# [What to produce]
Every line of the listing belongs in your answer exactly as written; the images do not.

# [Raw data]

---

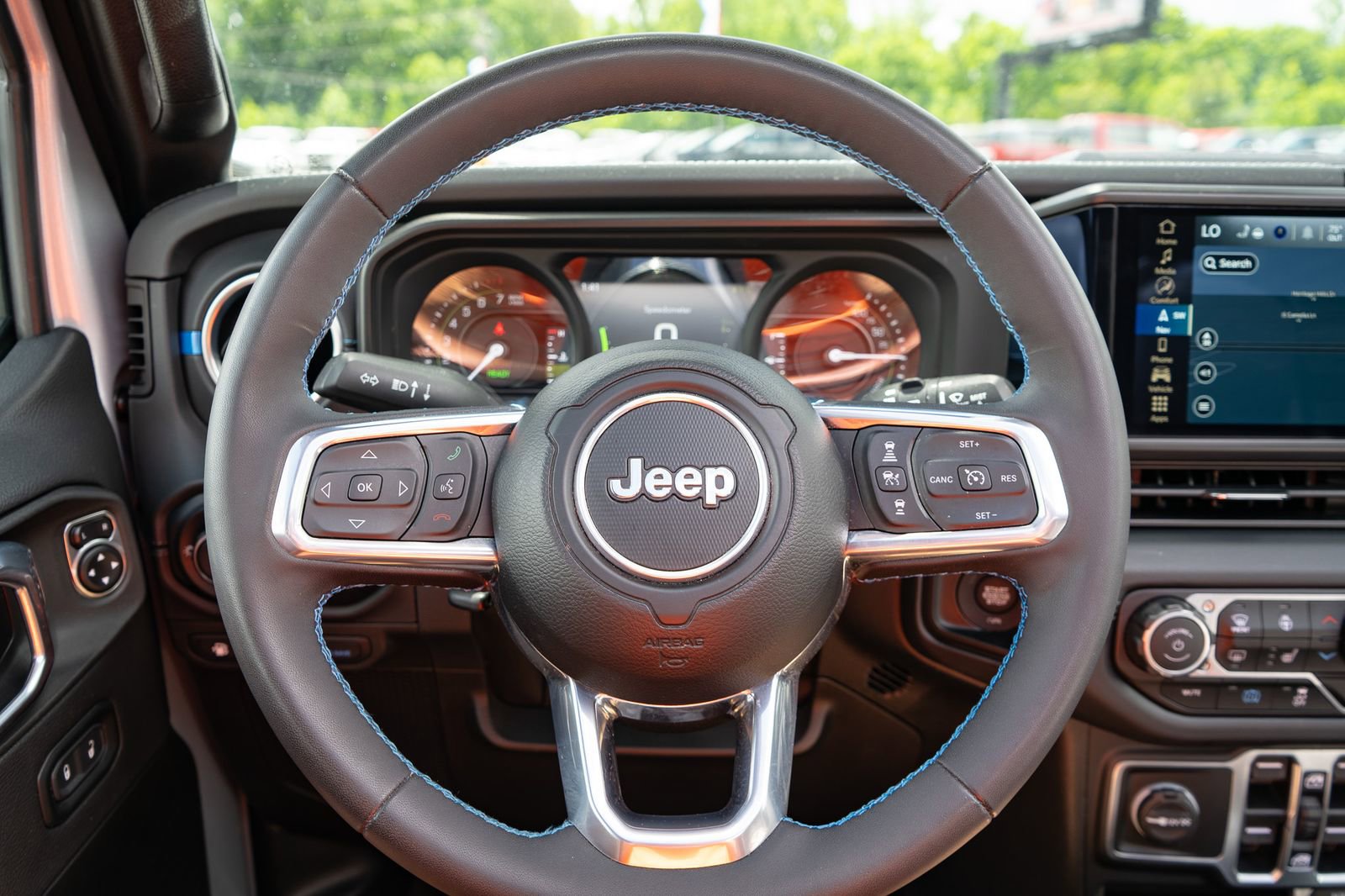 Used 2024 Jeep Wrangler High Altitude AWD/4WD image 29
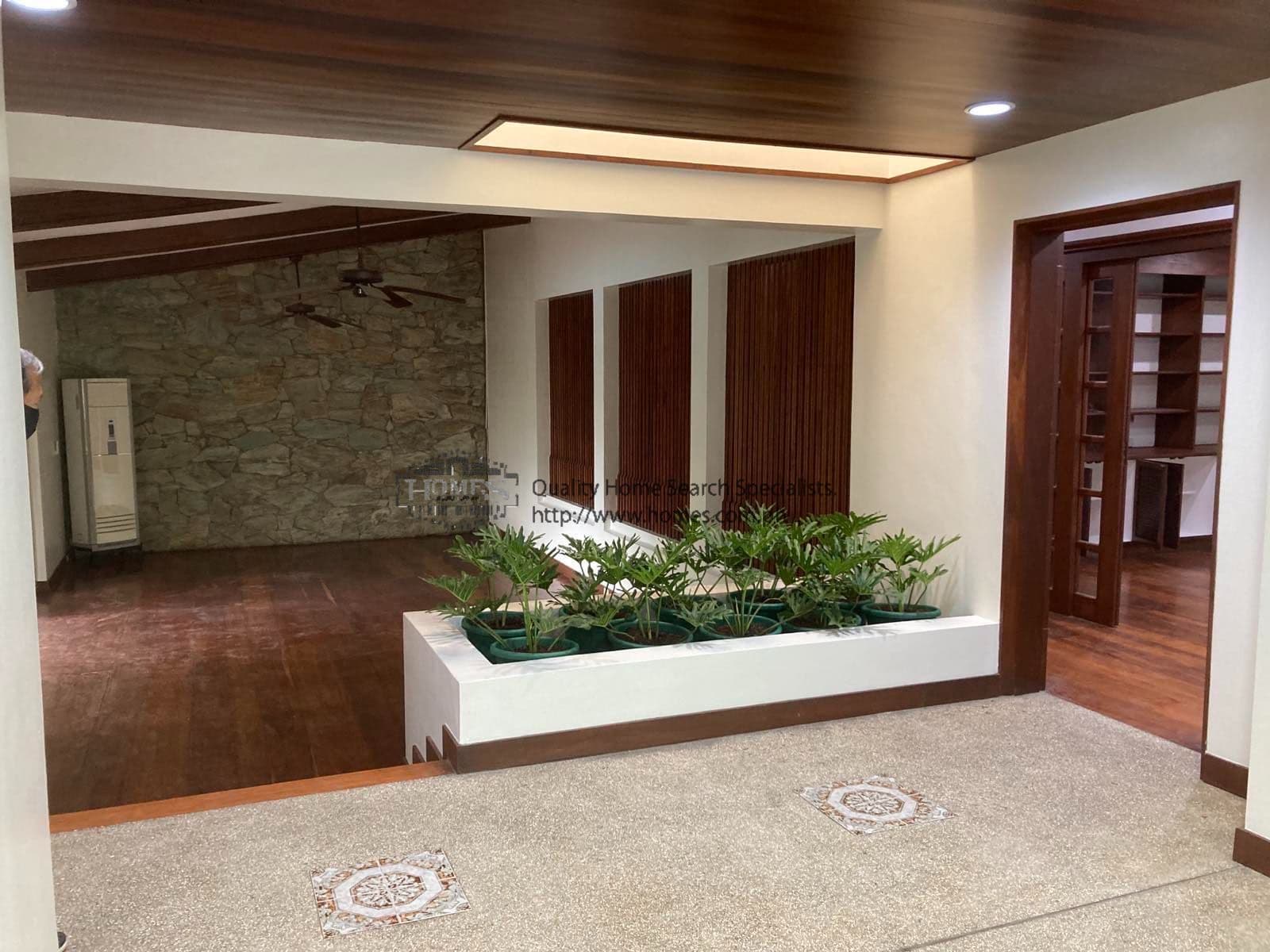 Renovated split level with large lanai - photo 3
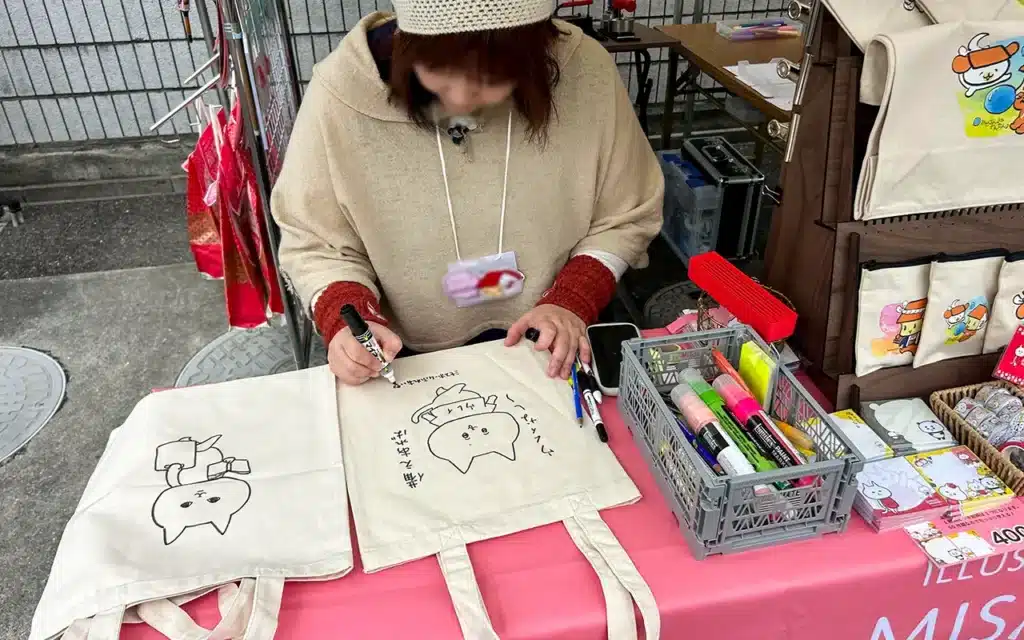 イラストレーターmisatoさんによるトートバッグ制作の様子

---

# [Result of the exercise]
 Used 2024 Jeep Wrangler High Altitude AWD/4WD image 29
 Renovated split level with large lanai - photo 3
 イラストレーターmisatoさんによるトートバッグ制作の様子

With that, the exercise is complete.